I have set up a Strat with some expensive 'Sliders' piickups costing in excess of £200 and the guitar sounds amazing and very 'early Hank' sounding, with all the same tonal characteristics that contribute to THAT SOUND - whichever one you choose dependant on how you set up the amplifier.
I then removed the 'Sliders' and fitted some Seymour Duncan Alnico Pro II pickups, carefully setting the pickup height the same as the 'Sliders' only to find them equally good, albeit very slightly different but in a good way.
This prompted further investigation and I did the same with some Ironestone, Toneriders and cheap ones costing £19.99 that came on a pickguard with the knobs and switch from AGC guitars that I bought recently.
I have to say that all of them did the business, it's just a case of careful 'set up', getting the heights to the optimum level, getting the bridge and nut levels correct, even with light gauge strings (9/42) after using 11/52 & my current 10/46, the sound is there in spades.

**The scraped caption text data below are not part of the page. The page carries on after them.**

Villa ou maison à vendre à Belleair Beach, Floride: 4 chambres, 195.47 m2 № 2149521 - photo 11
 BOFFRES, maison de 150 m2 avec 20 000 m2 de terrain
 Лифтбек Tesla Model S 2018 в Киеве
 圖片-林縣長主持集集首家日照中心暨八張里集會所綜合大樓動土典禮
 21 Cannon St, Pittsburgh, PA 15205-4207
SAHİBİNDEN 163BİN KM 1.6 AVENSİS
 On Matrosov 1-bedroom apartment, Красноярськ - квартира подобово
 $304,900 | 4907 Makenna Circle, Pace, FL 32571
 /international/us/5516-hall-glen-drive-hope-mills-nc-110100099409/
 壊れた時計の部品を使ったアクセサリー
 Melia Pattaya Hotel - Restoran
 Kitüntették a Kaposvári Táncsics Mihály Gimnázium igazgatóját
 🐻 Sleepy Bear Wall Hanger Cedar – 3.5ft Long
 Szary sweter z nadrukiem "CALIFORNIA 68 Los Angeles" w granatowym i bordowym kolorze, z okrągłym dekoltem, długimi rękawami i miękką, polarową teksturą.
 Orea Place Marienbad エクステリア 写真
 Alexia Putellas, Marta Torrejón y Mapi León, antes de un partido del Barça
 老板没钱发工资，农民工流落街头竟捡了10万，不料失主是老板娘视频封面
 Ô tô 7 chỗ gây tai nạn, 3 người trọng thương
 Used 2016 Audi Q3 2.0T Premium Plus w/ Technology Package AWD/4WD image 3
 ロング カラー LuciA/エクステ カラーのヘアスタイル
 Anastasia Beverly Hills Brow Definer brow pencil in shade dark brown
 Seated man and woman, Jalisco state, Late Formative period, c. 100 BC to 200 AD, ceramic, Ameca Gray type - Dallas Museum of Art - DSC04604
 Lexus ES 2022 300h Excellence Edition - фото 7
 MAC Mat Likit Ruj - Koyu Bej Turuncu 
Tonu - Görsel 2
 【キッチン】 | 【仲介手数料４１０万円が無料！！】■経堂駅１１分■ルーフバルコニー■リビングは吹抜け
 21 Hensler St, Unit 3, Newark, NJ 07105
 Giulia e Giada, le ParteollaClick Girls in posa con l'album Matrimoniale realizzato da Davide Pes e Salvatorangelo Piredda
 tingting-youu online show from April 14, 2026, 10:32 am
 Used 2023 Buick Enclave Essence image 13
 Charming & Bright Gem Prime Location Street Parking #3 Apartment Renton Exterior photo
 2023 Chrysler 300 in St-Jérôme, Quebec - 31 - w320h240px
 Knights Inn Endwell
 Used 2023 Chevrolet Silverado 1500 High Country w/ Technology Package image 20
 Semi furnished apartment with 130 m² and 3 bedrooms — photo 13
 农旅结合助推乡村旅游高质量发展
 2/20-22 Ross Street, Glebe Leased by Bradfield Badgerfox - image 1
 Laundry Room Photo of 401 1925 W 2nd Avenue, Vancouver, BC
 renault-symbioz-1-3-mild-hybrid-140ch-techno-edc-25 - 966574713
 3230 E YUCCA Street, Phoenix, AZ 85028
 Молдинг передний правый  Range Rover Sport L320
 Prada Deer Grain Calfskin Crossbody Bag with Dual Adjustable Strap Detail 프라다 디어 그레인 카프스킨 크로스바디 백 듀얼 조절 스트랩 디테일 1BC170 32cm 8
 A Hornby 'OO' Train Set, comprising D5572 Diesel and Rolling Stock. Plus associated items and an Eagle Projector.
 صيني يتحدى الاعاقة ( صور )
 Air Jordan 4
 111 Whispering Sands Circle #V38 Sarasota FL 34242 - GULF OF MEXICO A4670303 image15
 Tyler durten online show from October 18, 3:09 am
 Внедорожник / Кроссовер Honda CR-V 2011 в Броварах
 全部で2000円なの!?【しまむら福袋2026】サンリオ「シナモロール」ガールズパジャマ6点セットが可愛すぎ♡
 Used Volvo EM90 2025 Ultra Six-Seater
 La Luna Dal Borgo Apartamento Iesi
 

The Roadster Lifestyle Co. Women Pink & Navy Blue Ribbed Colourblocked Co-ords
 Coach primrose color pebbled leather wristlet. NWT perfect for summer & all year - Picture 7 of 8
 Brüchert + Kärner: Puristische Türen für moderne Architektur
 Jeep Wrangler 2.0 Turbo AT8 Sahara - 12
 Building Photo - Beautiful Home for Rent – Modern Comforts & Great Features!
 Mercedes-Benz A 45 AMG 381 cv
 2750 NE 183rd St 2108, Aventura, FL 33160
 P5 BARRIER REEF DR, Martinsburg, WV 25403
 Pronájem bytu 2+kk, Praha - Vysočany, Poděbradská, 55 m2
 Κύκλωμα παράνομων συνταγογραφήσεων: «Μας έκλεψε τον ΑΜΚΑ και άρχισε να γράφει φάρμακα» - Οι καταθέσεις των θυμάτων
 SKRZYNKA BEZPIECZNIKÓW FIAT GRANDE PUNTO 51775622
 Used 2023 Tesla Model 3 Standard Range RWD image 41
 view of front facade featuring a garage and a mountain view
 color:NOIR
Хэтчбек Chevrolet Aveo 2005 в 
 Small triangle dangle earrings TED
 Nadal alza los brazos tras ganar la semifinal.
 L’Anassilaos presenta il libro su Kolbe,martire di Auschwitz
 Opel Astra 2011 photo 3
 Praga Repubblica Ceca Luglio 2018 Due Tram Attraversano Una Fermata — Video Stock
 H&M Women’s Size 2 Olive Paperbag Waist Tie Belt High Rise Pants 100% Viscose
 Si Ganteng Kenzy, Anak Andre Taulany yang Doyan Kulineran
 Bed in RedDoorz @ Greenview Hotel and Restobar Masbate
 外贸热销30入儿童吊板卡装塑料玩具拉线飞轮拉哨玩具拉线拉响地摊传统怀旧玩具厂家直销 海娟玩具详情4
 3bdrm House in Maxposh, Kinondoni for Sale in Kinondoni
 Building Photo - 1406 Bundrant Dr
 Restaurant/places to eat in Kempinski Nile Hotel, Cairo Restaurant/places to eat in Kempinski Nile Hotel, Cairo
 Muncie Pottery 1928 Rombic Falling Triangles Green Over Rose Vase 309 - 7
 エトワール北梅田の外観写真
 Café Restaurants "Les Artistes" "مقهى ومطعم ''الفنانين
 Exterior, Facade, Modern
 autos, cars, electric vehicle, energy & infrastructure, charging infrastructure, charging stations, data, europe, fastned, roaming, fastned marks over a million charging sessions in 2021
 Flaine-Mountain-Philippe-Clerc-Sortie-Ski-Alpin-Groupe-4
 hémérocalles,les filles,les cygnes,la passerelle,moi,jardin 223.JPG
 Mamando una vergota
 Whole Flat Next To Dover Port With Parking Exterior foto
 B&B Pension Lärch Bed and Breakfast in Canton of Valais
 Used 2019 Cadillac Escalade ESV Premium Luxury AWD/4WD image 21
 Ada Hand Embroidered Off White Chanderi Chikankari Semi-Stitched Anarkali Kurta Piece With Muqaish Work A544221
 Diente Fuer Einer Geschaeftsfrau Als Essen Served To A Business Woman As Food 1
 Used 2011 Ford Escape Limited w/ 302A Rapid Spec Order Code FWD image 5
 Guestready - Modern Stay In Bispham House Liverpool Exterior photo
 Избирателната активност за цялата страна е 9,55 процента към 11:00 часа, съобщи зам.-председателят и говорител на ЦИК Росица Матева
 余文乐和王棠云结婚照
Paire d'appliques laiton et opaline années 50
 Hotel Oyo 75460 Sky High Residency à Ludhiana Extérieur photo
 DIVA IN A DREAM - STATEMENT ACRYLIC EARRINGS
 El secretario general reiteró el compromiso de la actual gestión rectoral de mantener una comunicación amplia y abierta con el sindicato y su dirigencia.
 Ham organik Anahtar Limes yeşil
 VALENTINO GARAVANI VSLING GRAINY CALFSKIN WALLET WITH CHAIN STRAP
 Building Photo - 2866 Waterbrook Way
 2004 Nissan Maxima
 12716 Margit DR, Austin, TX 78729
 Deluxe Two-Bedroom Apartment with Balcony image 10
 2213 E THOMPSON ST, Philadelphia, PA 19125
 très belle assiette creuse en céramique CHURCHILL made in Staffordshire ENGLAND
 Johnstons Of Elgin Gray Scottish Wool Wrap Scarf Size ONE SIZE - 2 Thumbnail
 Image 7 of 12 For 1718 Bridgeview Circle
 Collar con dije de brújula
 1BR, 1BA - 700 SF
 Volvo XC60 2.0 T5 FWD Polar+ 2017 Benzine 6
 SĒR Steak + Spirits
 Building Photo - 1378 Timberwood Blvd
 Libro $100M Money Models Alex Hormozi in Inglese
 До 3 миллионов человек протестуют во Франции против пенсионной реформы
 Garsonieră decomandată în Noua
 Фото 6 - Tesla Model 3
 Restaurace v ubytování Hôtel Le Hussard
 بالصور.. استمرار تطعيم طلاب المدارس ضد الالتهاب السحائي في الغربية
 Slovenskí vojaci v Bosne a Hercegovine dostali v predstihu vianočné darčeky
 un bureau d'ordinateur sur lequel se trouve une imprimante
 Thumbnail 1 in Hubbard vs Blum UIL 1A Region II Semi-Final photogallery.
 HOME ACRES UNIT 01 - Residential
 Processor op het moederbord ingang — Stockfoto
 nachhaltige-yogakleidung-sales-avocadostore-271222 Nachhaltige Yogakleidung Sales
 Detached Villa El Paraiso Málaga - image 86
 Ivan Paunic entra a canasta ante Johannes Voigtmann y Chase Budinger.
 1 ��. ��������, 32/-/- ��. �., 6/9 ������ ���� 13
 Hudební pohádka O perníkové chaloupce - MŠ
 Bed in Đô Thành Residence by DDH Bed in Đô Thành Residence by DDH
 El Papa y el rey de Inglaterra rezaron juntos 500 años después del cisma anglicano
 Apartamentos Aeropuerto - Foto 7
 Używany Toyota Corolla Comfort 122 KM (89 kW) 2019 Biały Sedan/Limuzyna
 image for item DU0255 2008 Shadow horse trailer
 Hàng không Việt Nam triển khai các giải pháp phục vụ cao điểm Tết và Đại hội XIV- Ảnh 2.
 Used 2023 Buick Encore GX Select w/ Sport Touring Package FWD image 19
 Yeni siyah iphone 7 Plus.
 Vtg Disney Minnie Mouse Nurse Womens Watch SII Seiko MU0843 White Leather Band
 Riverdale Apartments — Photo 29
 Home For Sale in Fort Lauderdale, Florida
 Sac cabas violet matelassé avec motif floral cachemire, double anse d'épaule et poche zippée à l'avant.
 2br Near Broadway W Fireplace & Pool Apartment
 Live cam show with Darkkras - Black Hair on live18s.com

I have heard some poor pickups, normally glassy, harsh sounds on some cheaper guitars, but these are usually the ones with the bar magnet underneath them, ceramics I believe. The ones I have are all alnico, even the really cheap ones and I'm realising that it's all in the set up, after all how many times have people said that pickups are just wire wrapped around magnets ? A crude assumption I agree, but I don't think that the high prices are warranted given that there is so little difference in the examples that I had at my disposal.
I have some Kinman and Fender Noiseless that I no longer use and fancy giving those a crack, just to see that if with more care in the set up, it may be possible to achieve similar results, sound-wise to the normal pickups.